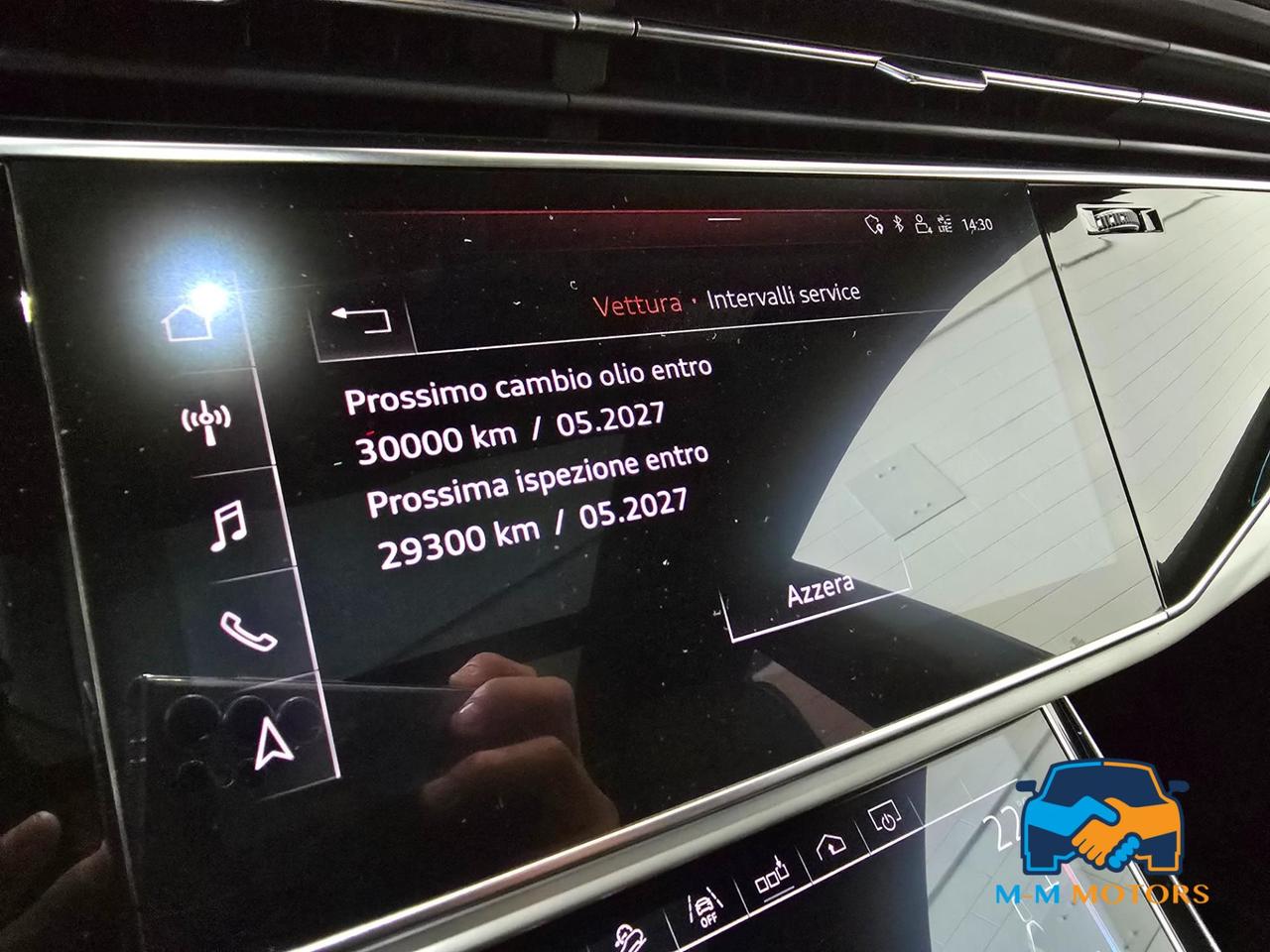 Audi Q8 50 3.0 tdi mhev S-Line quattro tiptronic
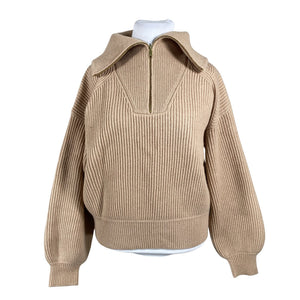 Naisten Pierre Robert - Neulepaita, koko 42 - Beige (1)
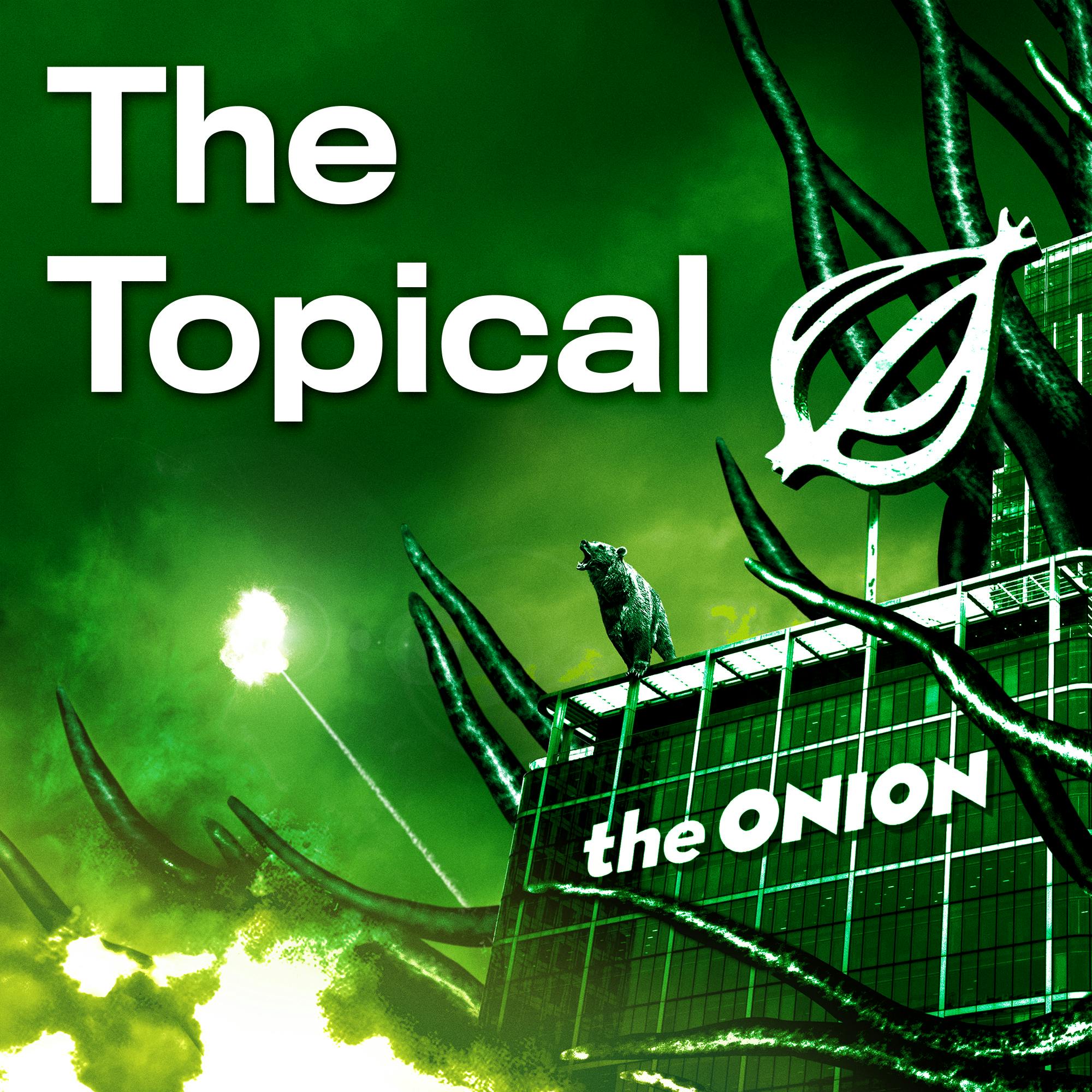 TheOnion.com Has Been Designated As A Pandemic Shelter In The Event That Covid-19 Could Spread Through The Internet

What to work on: What you need to retype is every line from the one that has "Naisten Pierre Robert" through the last line of the listing, both included, with the pictures left out.

Answer below:
 Naisten Pierre Robert - Neulepaita, koko 42 - Beige (1)
 TheOnion.com Has Been Designated As A Pandemic Shelter In The Event That Covid-19 Could Spread Through The Internet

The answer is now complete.